ML Adoption Playbook
This skill provides an adaptive methodology for implementing machine learning models into existing software engineering projects. It bridges the gap between traditional SWE and MLOps by structuring how ML should be researched, decoupled, trained, and integrated.
When to Activate
- A user asks to "add ML" or "add an algorithm" to their existing codebase.
- Planning the integration of a new model (e.g., recommendation, classification, forecasting) into a non-ML application.
- Structuring a workflow for an agent to build, train, and deploy an ML component adaptively.
Phase 1: Problem Framing & Feasibility
Before writing model code, establish the "why" and "how".

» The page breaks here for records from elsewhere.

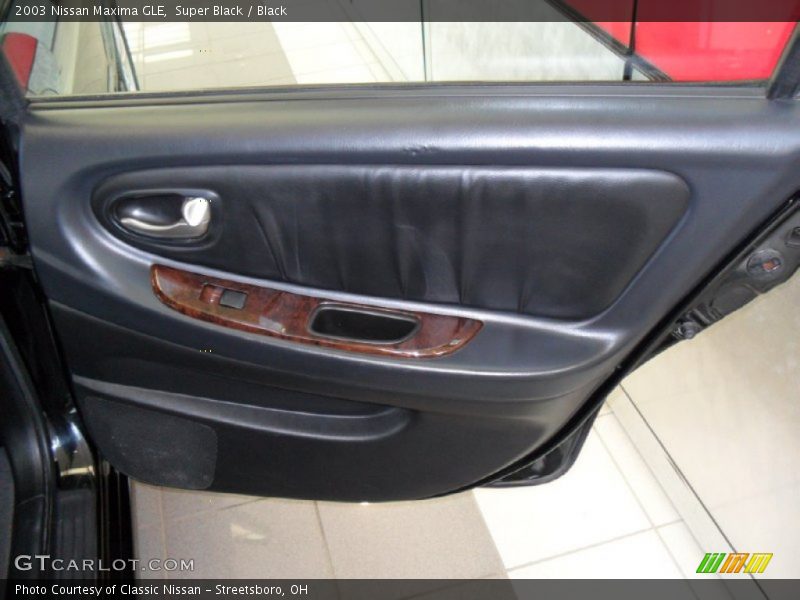 Super Black / Black 2003 Nissan Maxima GLE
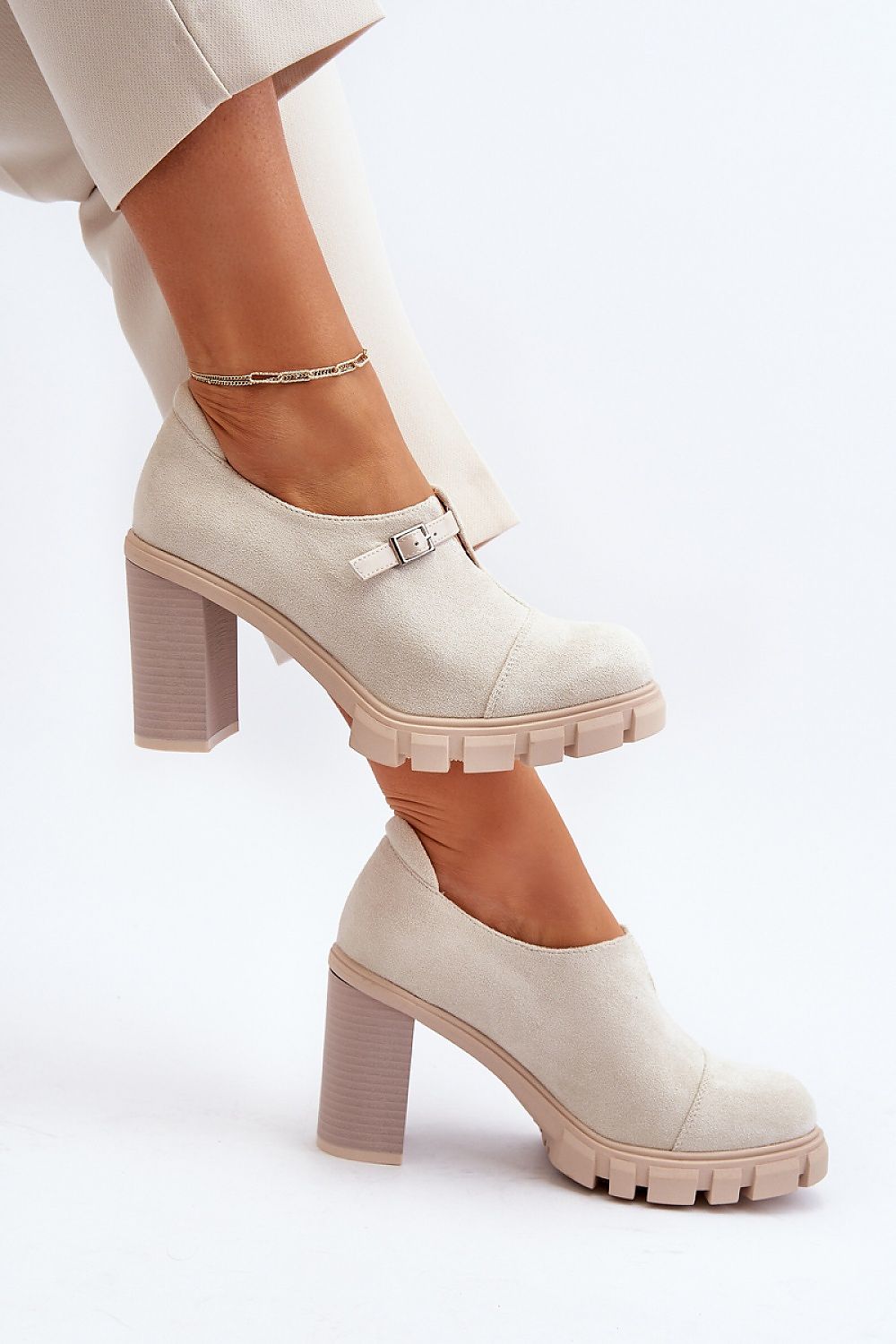 Schuhe mit Absatz Model 194702 Step in style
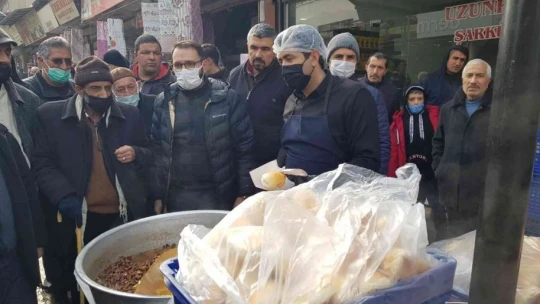 Çocuğu sağlığına kavuşunca 5 bin kişiye yemek dağıttı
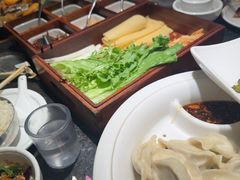 -五谷丰登农家院·地道胶东菜·海鲜烧烤(威海店)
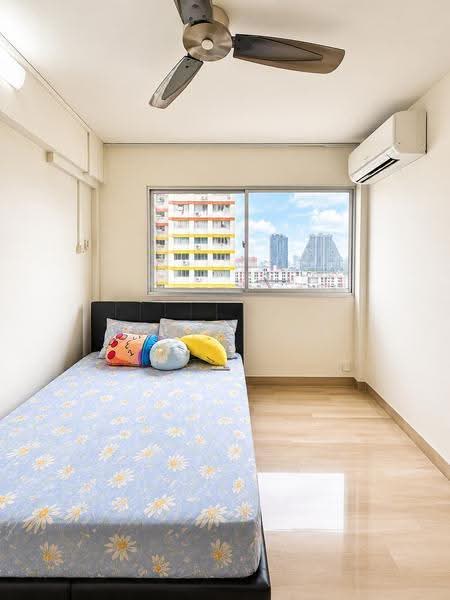 101 Bishan Street 12, 101 Bishan Street 12, Ang Mo Kio / Bishan / Thomson, 3 Bedrooms, 1,302 sqft, HDB Flat For Sale, by Louis Tay, 500268154 - Bedroom 3 - PropertyGuru.com.sg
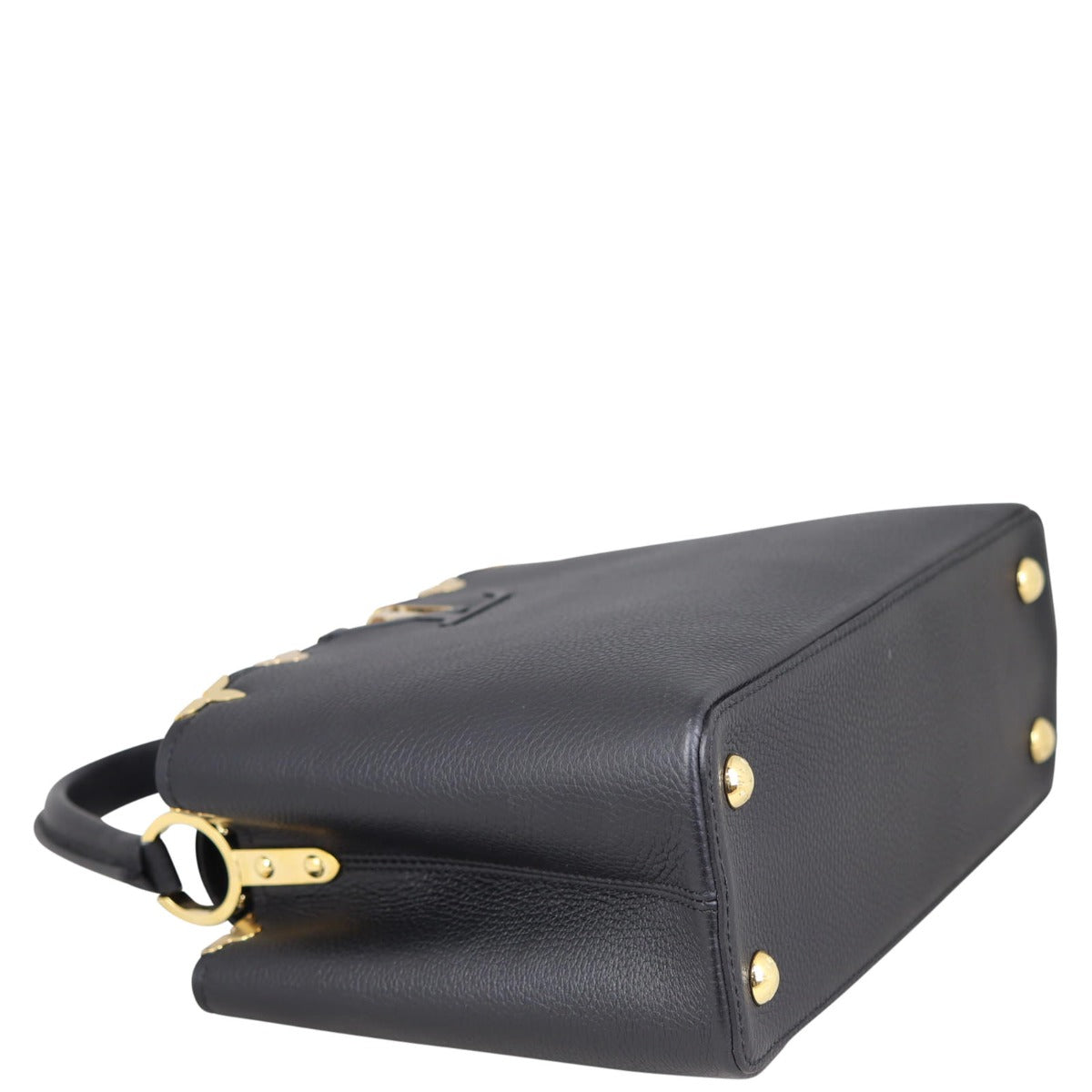 Louis Vuitton Capucines MM (black) Corner Distance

- Heuristic Check: Ask the user if a simple heuristic (e.g., regex, rule-based sorting) could solve the problem faster. If yes, start there.
- Metric Definition: Define what business metric the ML model is trying to improve (e.g., click-through rate, reduced latency).

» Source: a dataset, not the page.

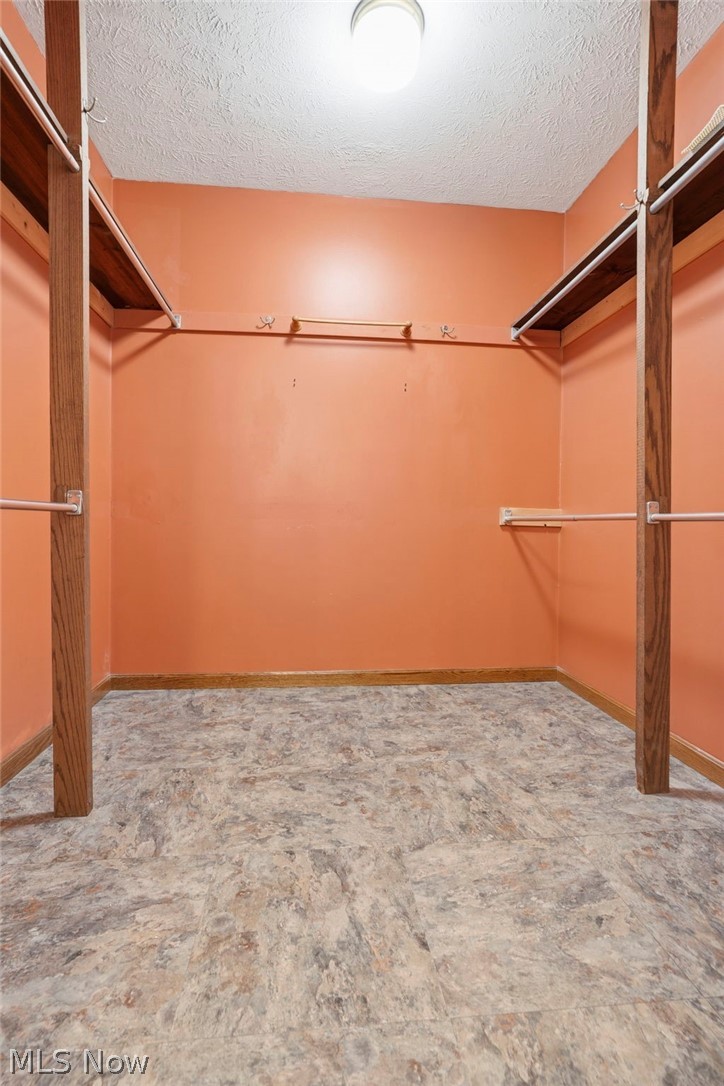 Thomas E Larkin Hummel Vly Estate - Residential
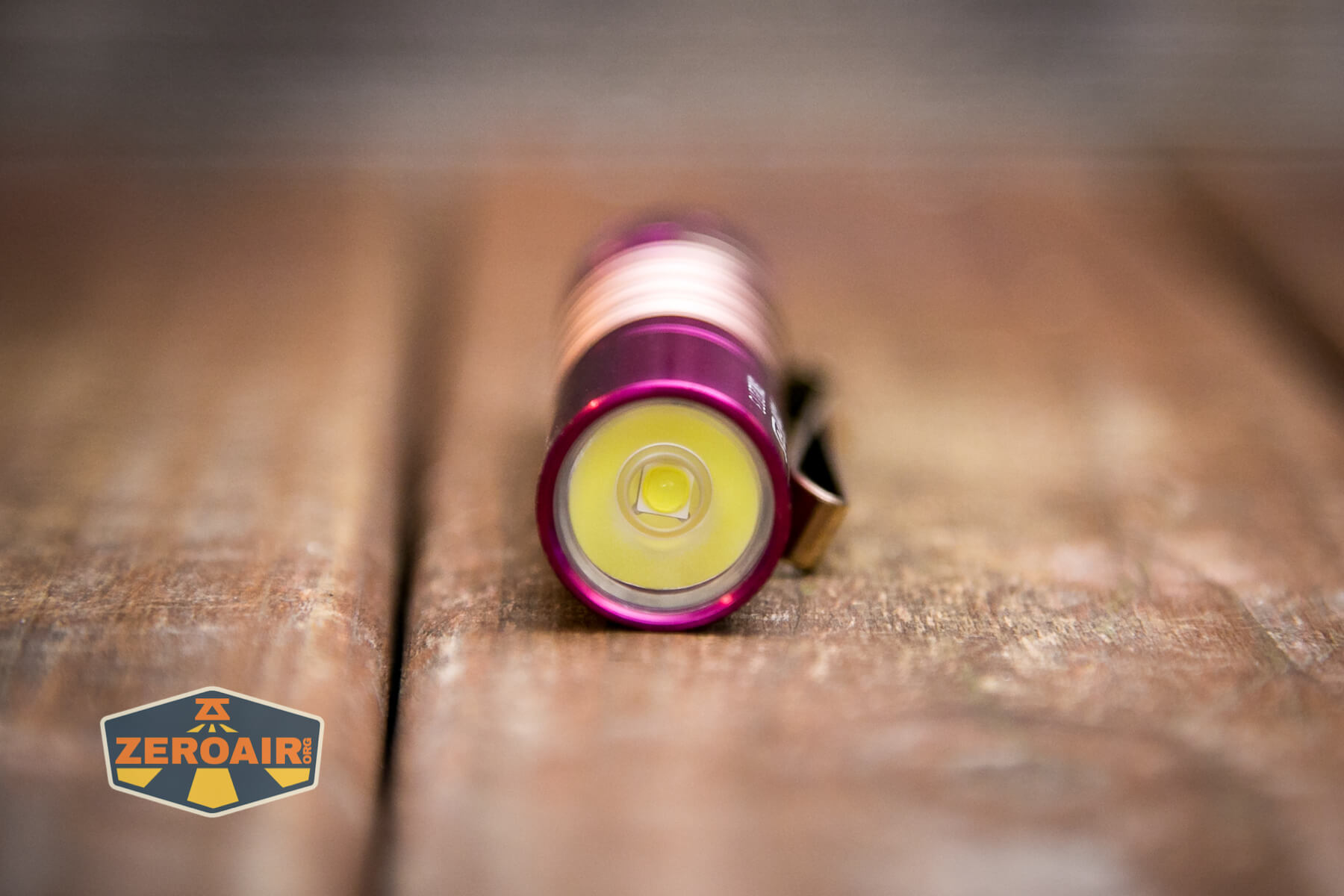 Olight I5R Eos Plum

- Mistake Budget: Define what a "bad" prediction looks like and how the system should handle it.
Phase 2: Data Readiness
ML is useless without clean, accessible data.
- Audit Data Sources: Identify where the training data lives. Is it a live database, a static CSV, or an API?

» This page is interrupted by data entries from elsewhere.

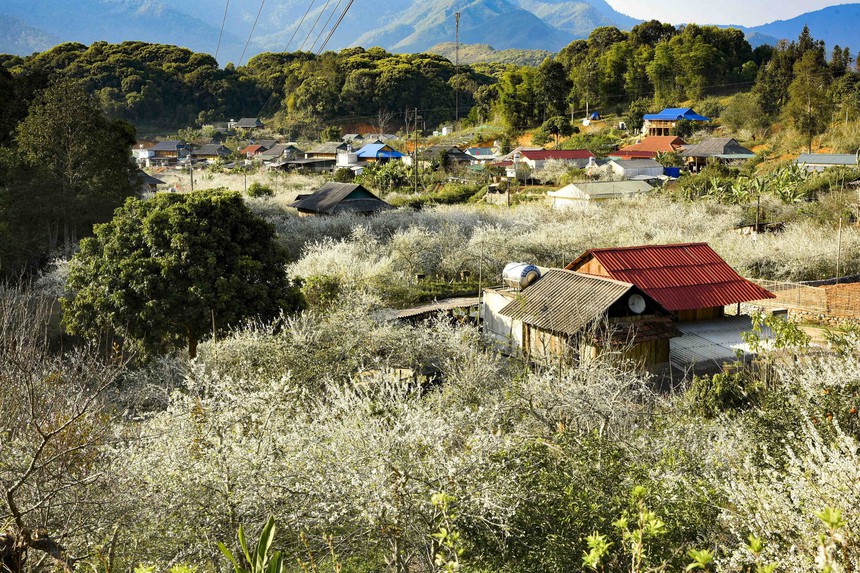 Xây dựng Điện Biên thành trung tâm du lịch của Tiểu vùng Tây Bắc: * Bài 2: Khát vọng đưa Du lịch Điện Biên 'cất cánh' - Ảnh 2.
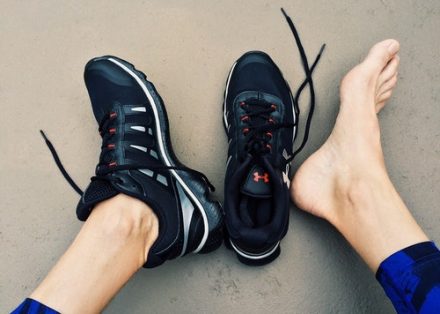 pieds de sportif avec et sans basket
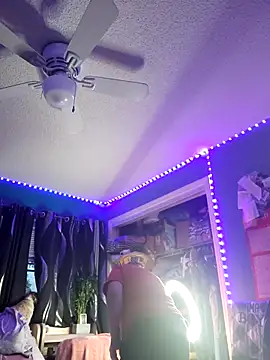 Snapshot of SexyNikki6969 chatting on March 18, 11:52 pm SexyNikki6969 online show from March 18, 11:52 pm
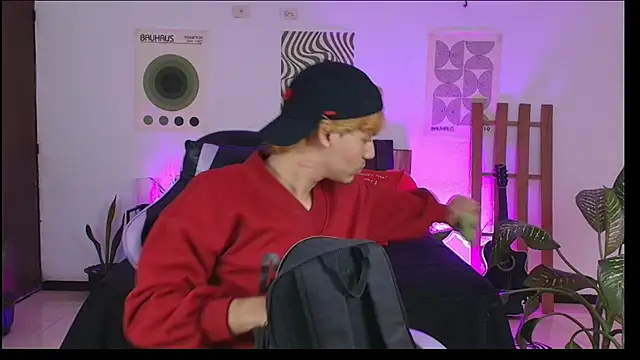 Snapshot of Habel__moretti chatting on February 14, 6:30 pm Habel moretti online show from February 14, 6:30 pm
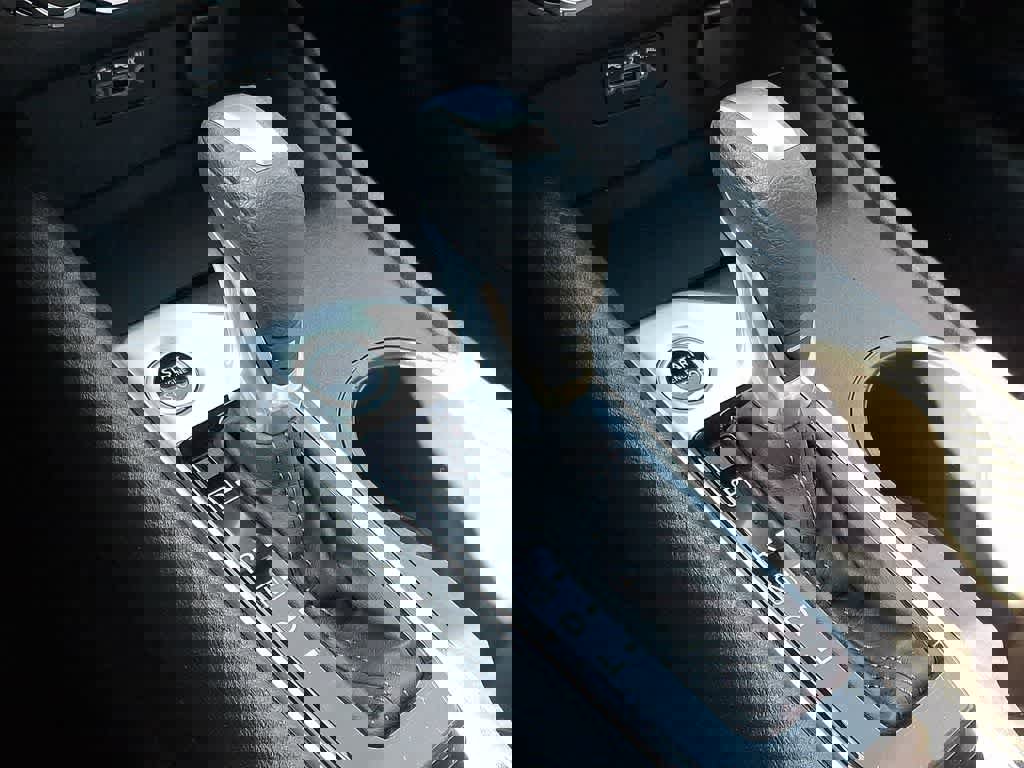 Used 2025 Nissan Altima 2.5 SV image 13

- Data Contract: Establish a schema for the input data. What features are required? What happens if a feature is missing?
- Leakage Prevention: Ensure the user's proposed data split does not accidentally leak future information into the training set (e.g., chronological splitting for time-series data).
Phase 3: Architectural Integration & Decoupling
Do not tightly couple model inference to core business logic.
- API Boundary: Suggest placing the model behind an API endpoint (e.g., using
fastapi-patternsordjango-patterns) or a dedicated service class. - Fallback Mechanisms: Design a default state. If the model takes too long to respond or throws an error, the system must gracefully fall back to a hardcoded rule.
- Feature Flags: Wrap the new ML inference call in a feature flag so it can be rolled out (or rolled back) safely.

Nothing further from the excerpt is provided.